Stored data
┌──

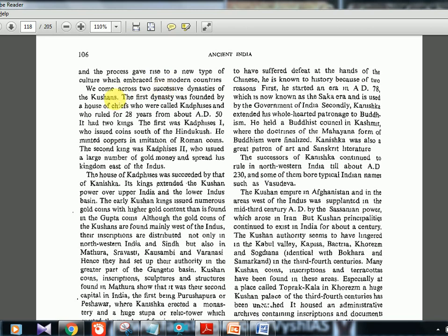There were two successive dynasties of the Kushanas. The first chief was Kujula Kadphises I, who issued coins south of the Hindu Kush and minted copper coins in imitation of Roman coins. The second king, Kadphises II, issued a large number of gold coins and spread his kingdom east of the Indus. The house of Kadphises was then succeeded by that of Kanishka, whose gold coins had a higher gold content than even later Gupta coins.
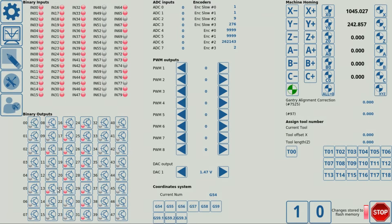For example, here you can see that I have port number 10 on and port number 11 off. Let's say we want to switch those two around — I turn port 10 off and I turn port 11 on. So I now have port number 11 on and port number 10 off.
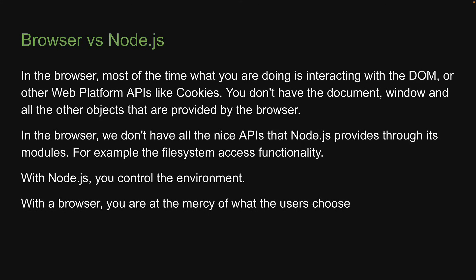The bottom line is that we will see differences when writing JavaScript with Node versus JavaScript for browser, and is something you should always keep in mind.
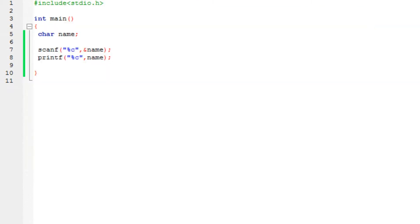In order to store more than one alphabet, or an entire word or something like that, you need to use a string. A string is basically an array of characters — a collection of characters — which contains more than one character in it. In order to declare a string, all we do is declare an array in the front.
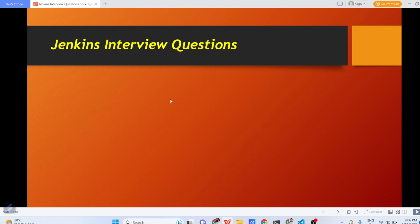Hi everyone. I hope you all are doing great. Let us start today with Jenkins interview questions. We will try our best to cover almost all the Jenkins related interview questions. So, let us begin.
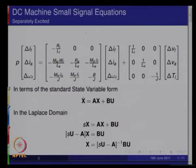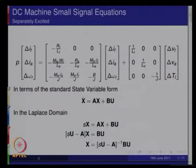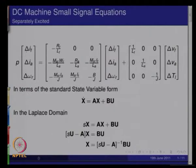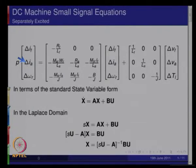These small signal equations can be used to derive relationships between a response considered as an output and an input being applied. For example, the speed as the response and armature voltage as the input. Here are the small signal equations of the DC machine: d/dt of delta_if, which is the change in field current; d/dt of delta_ia, the change in armature current; and d/dt of delta_omega_r, the change in rotor speed.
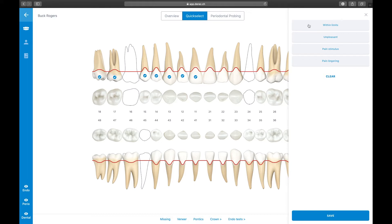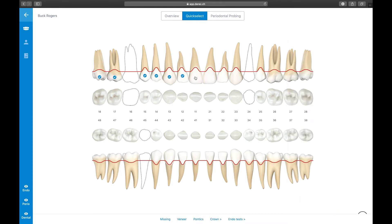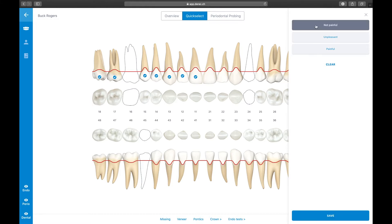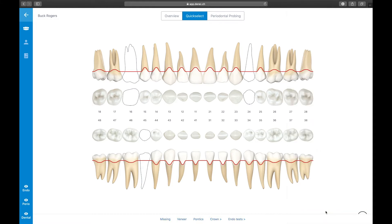Derek gives you the option to record not only the sensibility — for example, a positive or negative test result — but also the patient's reaction in terms of pain triggering. Repeat all actions for entering the Percussion test results. The Quick Select function is also used for entering larger prosthetic restorations like crowns, bridges, or implants. The degree of freedom it offers is outstanding, and there is literally no limit.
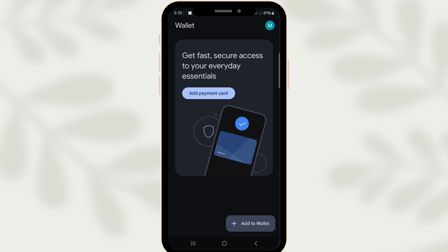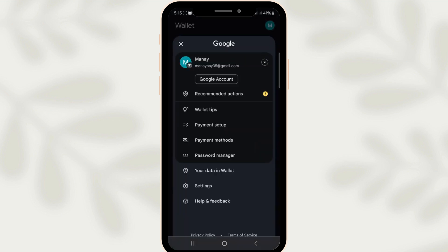First things first, let's turn your attention to your current device where you have been using your Google Wallet. Begin by unlocking your phone and navigating to the Google Wallet app. Once inside, you'll want to ensure that you're logged into the account that you wish to transfer to your new device. This is a crucial step, as it will facilitate the process and link the correct account with your transactions and saved payment methods.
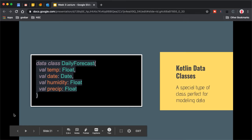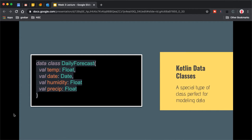Since we're working with Kotlin, we'll model our data using data classes. A data class is a special type of class perfect for modeling data — you can think of it as a value class. The idea is that it doesn't have a ton of logic; it's simply there to hold data and it's immutable, meaning you can rely on that data once it's created. We'll use a data class to define our daily forecast.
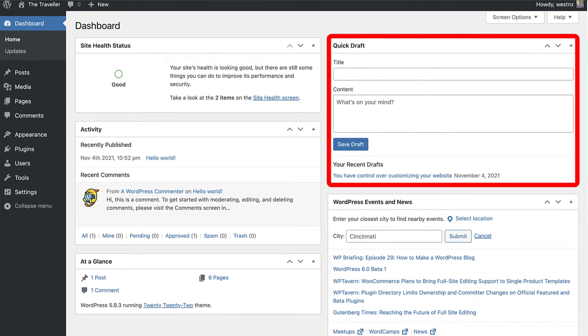When using the Quick Draft widget, anything entered into this form will be saved as a draft post. That is, it will be saved but not published on your site. This is very handy for jotting down quick ideas for posts that you would like to come back to and finish later.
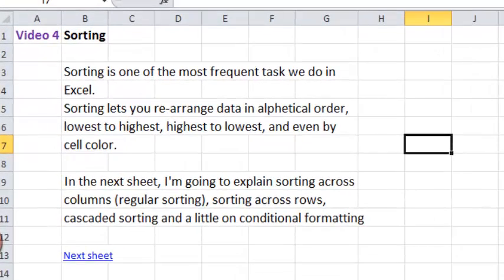Hello! Welcome to video number 4, Sorting. Sorting is one of the most frequent tasks we do in Excel. Sorting lets you arrange data in alphabetical order, lowest to highest, highest to lowest, and even by cell color.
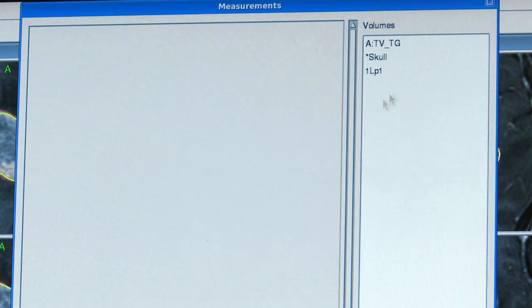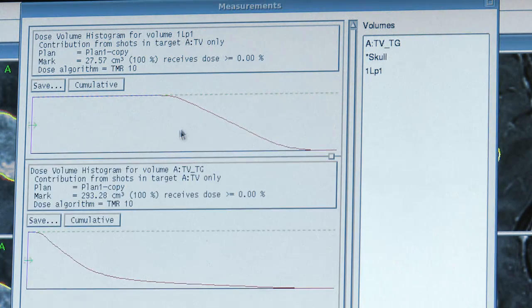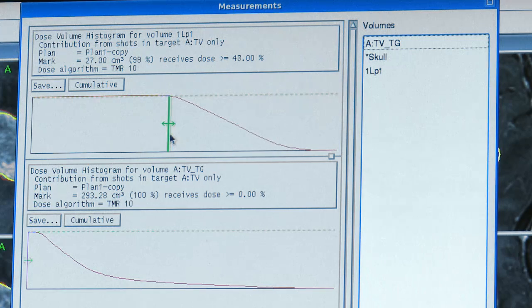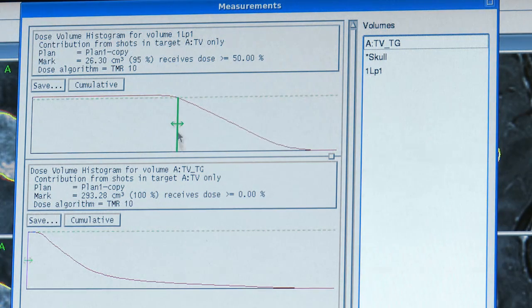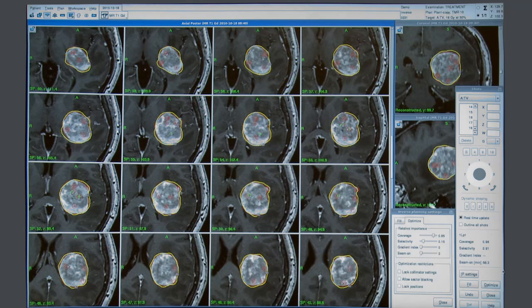And I think we have achieved a very conformal plan here, to confirm the coverage of the target and the conformity. And here we have the treatment plan finished.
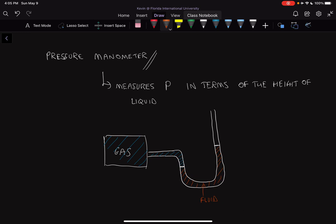In a manometer, there is a fluid acting as a barrier between a trapped gas and the atmosphere outside. The fluid is there to actually measure the pressure. Looking at this setup, we can see there's a difference in height between the fluid on the right side and the fluid on the left side. We call this height H, with point P1 on one side and P2 on the other.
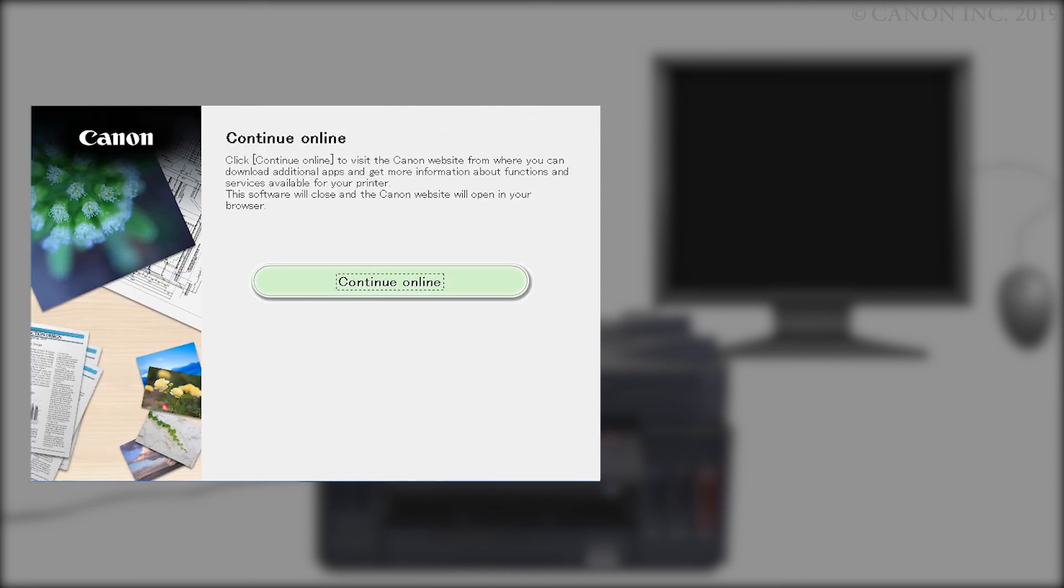Click Continue Online to visit the Canon website where you can download additional apps and get more information about functions and services available for your Canon PIXMA printer. The software installation window will close and a new window will open.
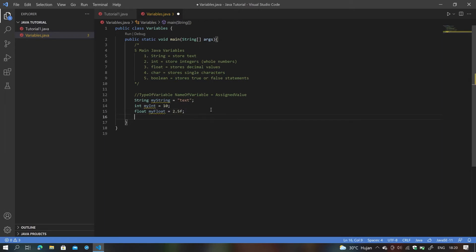To make a char variable, type in char and name it — for example, myChar — and assign it to a single character. With char, instead of double quotation marks, we use single quotation marks. Inside the single quotes you can put any one character — capital A, lowercase a, capital B, etc. In this case I'll use capital A, then end with a semicolon.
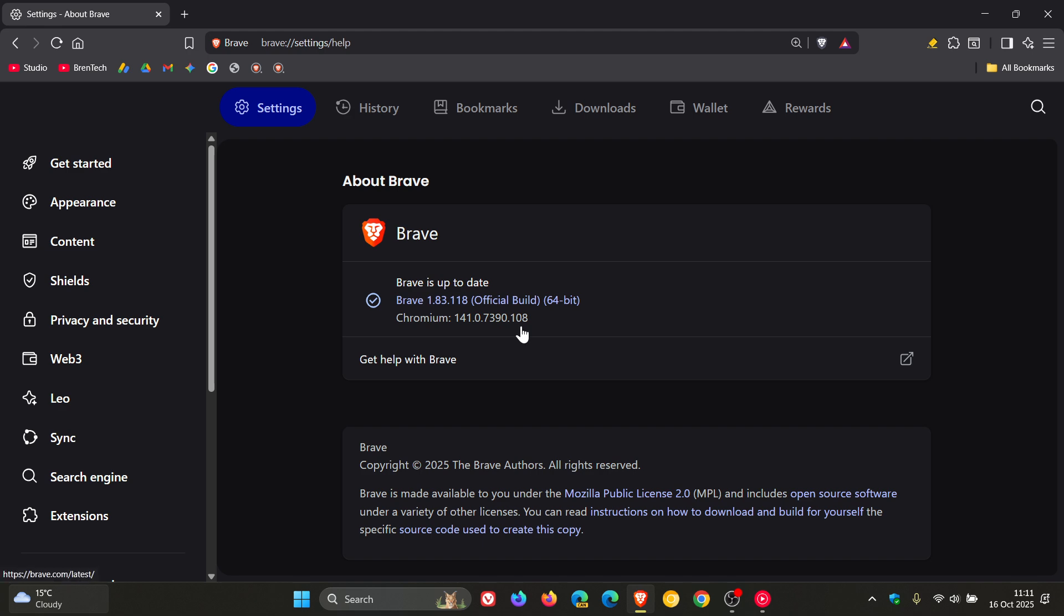Now this is what I would call a double-sided update because it does contain bug fixes and the weekly security fixes. But first of all, just to go through the fixes that have rolled out for the browser, the bug fixes.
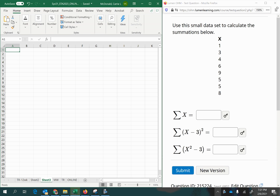Hi there, it's Professor McDonald. In this video, we're going to work out this problem where we will learn how to do summations. It says to use this small dataset to calculate the summations below.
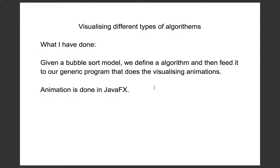Hi, I'm going to introduce my project, Visualizing Different Types of Algorithms.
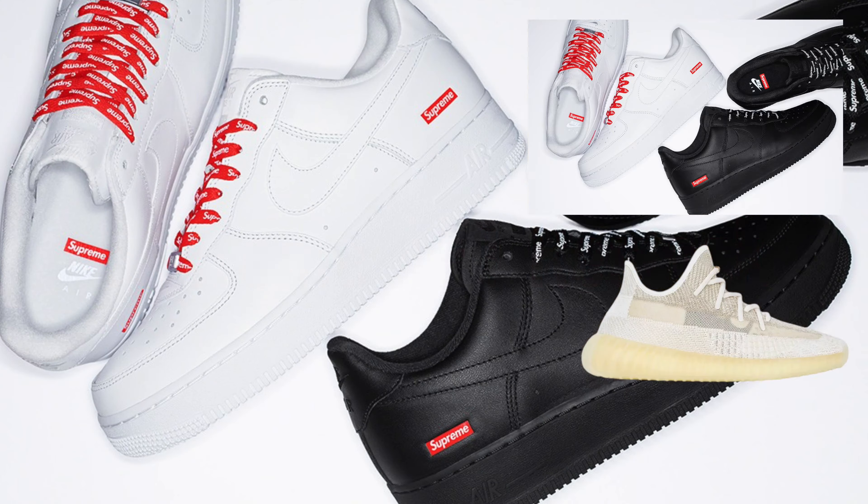What's up everyone, we're back for another live cop episode. This time we've got the Supreme Air Force One restock and we've got the Yeezy 350 Naturals. Let's see how we did.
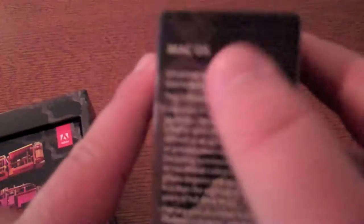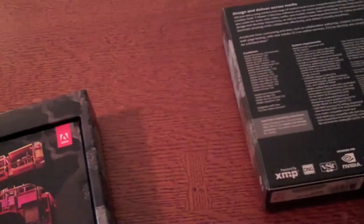Alright, so this is a little slide-off panel right here with all the information. You got the Mac OS, tells you what operating system, student teacher eligibility, what all is in it, the system requirements and all that good stuff.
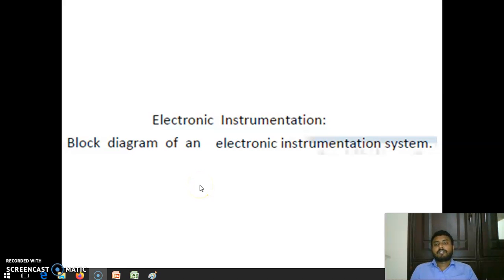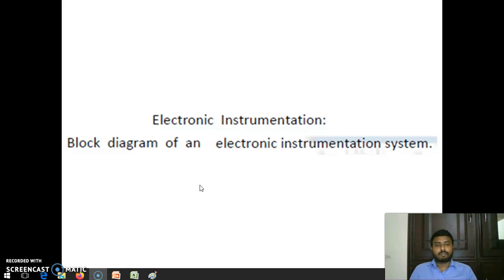Hi, good morning to all. We are going to see a topic — electronic instrumentation — in this video. Most of you are familiarized with what is instrumentation or electronic instrumentation. We are going to see the basic block diagram of an electronic instrumentation system, its need, importance, and other important parameters regarding this electronic instrumentation system.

└──

What the task requires:
Copy only what lies between the line with "Hi, I'm going" and the line with "Alright, so this", those two lines included, exactly as given above; pictures stay out.

Expected answer:
Hi, I'm going to introduce my project, Visualizing Different Types of Algorithms.
What's up everyone, we're back for another live cop episode. This time we've got the Supreme Air Force One restock and we've got the Yeezy 350 Naturals. Let's see how we did.
Alright, so this is a little slide-off panel right here with all the information. You got the Mac OS, tells you what operating system, student teacher eligibility, what all is in it, the system requirements and all that good stuff.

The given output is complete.